Redebeitrag zur Einforderung weiterer Währungsreserven durch die Europäische Zentralbank

Helmuth Markov am 16. März 2000 vor dem EP

Im Entwurf der legislativen Entschließung billigt das Parlament die Empfehlung der EZB für eine Verordnung des Rates über die Einforderung weiterer Währungsreserven. Als Begründung werden genannt: Erstens: Der Vertrag sieht dies vor. Wird er per Verordnung nicht angewendet, könnte dies als Meinungsverschiedenheit zwischen der EZB und dem Rat ausgelegt werden.
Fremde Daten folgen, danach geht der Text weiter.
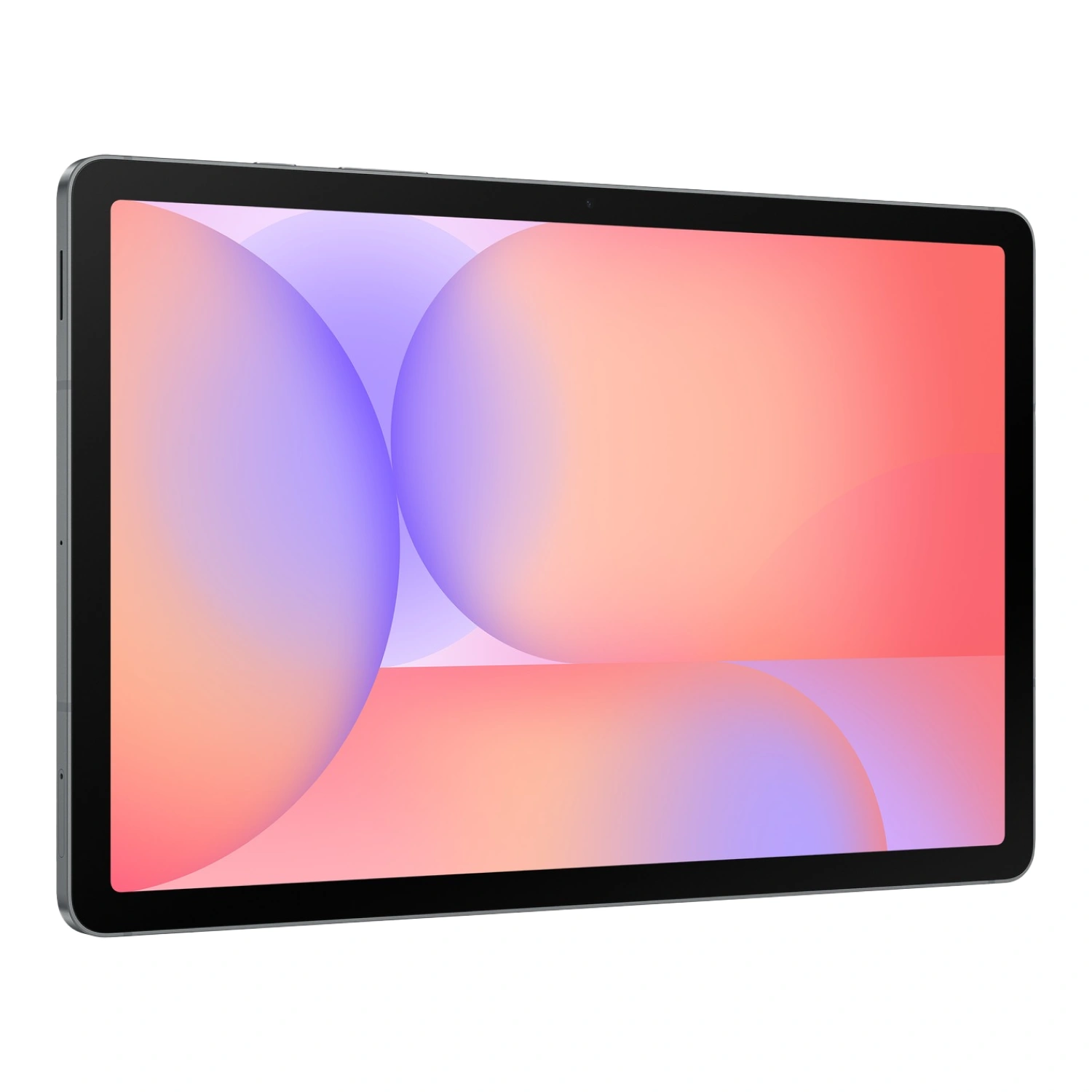 Планшет Samsung Galaxy Tab S10 Lite With Book Cover (SM-X400) Wi-Fi - 2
Zweitens: Die notwendige finanzielle Unabhängigkeit der EZB soll gestärkt werden. Drittens: Stärkung der Glaubwürdigkeit des Instruments der Währungsinterventionen und die Förderung der Reaktionsfähigkeit der EZB auf unterschiedliche Szenarien.

Natürlich ist gegen eine strukturelle Verbesserung der Finanzsituation der EZB nichts einzuwenden. Die Frage ist doch nur, ob mit mehr von außen zugeschossenem Geld das Problem auf Dauer gelöst wird. Um dies zu beurteilen, müßten im Vorfeld mindestens folgende Fragen diskutiert werden:

Erstens: Ist es volkswirtschaftlich sinnvoll, eine derart restriktive Geldpolitik zu betreiben, wie die EZB das tut, restriktiver als der FED? Zweitens: Läuft nicht die Erhöhung der Zinssätze für Spitzenrefinanzierungsfazilität und Einlagefazilität, wie ab 9.2.2000 geschehen, der Konjunkturentwicklung zuwider? Drittens: Sind nicht entschiedenere Maßnahmen zur dauerhaften Senkung der Arbeitslosigkeit das probateste Mittel, Preisstabilität zu gewährleisten?
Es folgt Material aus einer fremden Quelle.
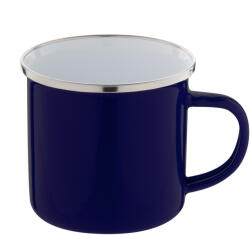  Enavint zománcozott bögre (AP808123-06A) - tonerek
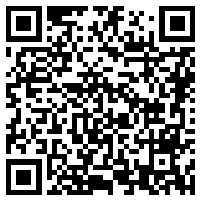 QR Code for bitcoin:bitcoin:bitcoin:bitcoin:dash:Xb61msgWdFvVgBLSFXGWbpYN4bopLDfFDP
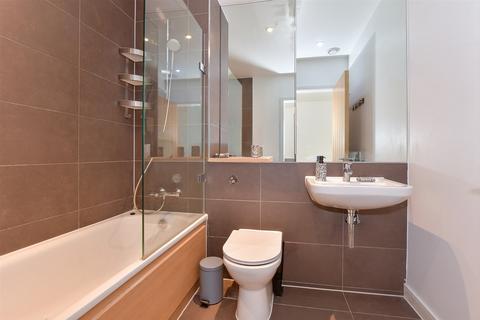undefined, Westwood Drive, Canterbury, Kent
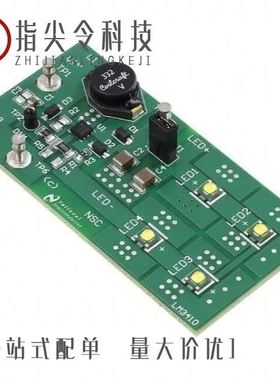 LM3445MM/LM3410XMF/NOPB/LM3475MF/NOPB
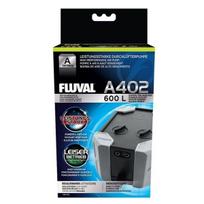 Oro pompa akvariumams Fluval Air 402, 4 W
Viertens: Sollte nicht neben einer angebotsorientierten Wirtschaftspolitik auch der nachfrageorientierten Wirtschaftspolitik – also Stärkung des europäischen Binnenmarktes mittels verringerter Eingangssteuersätze in den Mitgliedstaaten – mehr Gewicht verliehen werden? Fünftens: Ist es so falsch anzunehmen, daß die Festlegung des Wechselkurses bei Einführung des Euro mehr politischem Wunschdenken denn ökonomischer Realität entsprach? Sechstens: Welches sind die konkreten Ursachen, daß 1999 die EZB voraussichtlich einen Verlust aufweist?

Aus der Beantwortung dieser Fragen ergibt sich für unsere Fraktion, daß sie diesem Entschließungsantrag nicht zustimmen kann. Nicht, weil die EZB über zuwenig Währungsreserven verfügt, sondern weil sie strukturell falsch ausgerichtet ist und damit permanent diese Liquiditätsschwierigkeiten beklagen wird.